Küster B, Mortensen P, Andersen J S, Mann M
Protein Interaction Laboratory (PIL), University of Southern Denmark, Odense M, Denmark. MDS-Proteomics, Odense M, Denmark.
Proteomics. 2001 May;1(5):641-50. doi: 10.1002/1615-9861(200104)1:5<641::AID-PROT641>3.0.CO;2-R.

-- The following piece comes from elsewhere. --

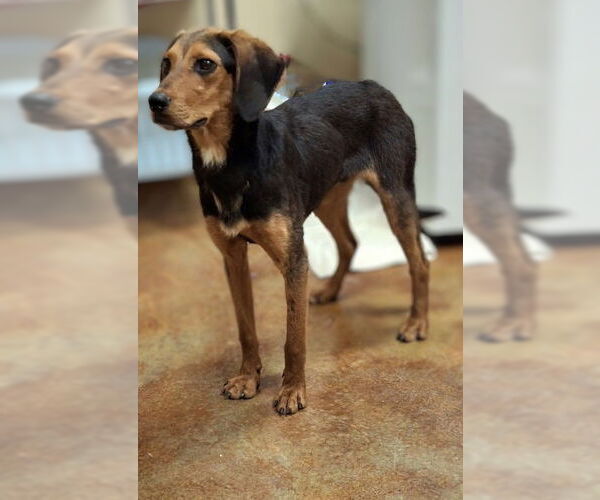 Medium Photo #3 Black and Tan Coonhound-Unknown Mix Puppy For Sale in Mountain View, AR, USA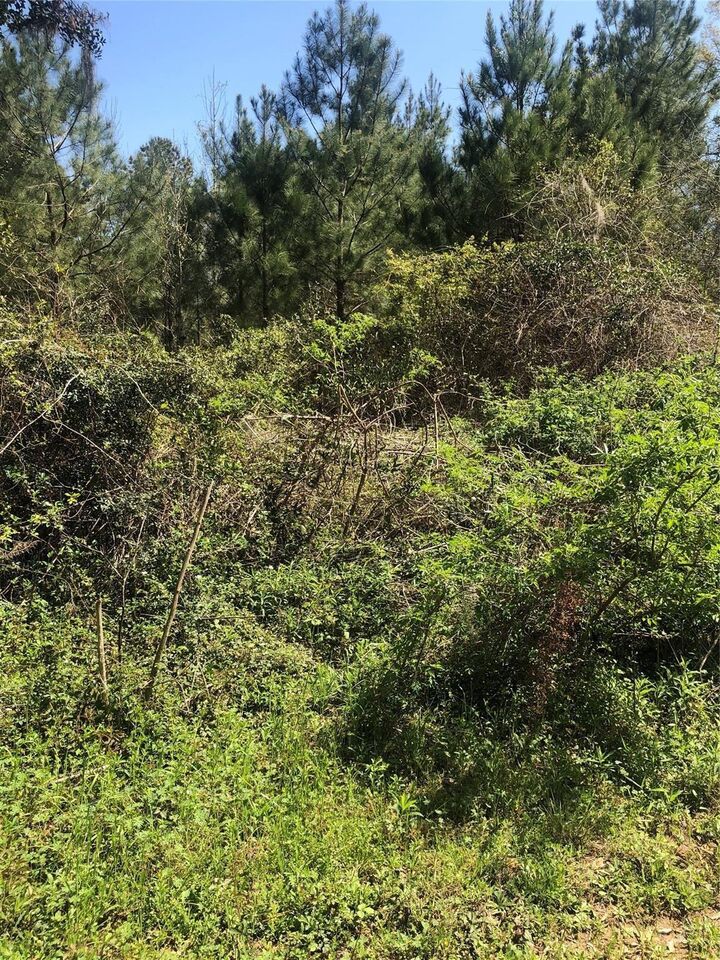 Property Photo:  0 Piney Lane  TX 77331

Proteome projects seek to provide systematic functional analysis of the genes uncovered by genome sequencing initiatives. Mass spectrometric protein identification is a key requirement in these studies but to date, database searching tools rely on the availability of protein sequences derived from full length cDNA, expressed sequence tags or predicted open reading frames (ORFs) from genomic sequences. We demonstrate here that proteins can be identified directly in large genomic databases using peptide sequence tags obtained by tandem mass spectrometry. On the background of vast amounts of noncoding DNA sequence, identified peptides localize coding sequences (exons) in a confined region of the genome, which contains the cognate gene. The approach does not require prior information about putative ORFs as predicted by computerized gene finding algorithms. The method scales to the complete human genome and allows identification, mapping, cloning and assistance in gene prediction of any protein for which minimal mass spectrometric information can be obtained. Several novel proteins from Arabidopsis thaliana and human have been discovered in this way.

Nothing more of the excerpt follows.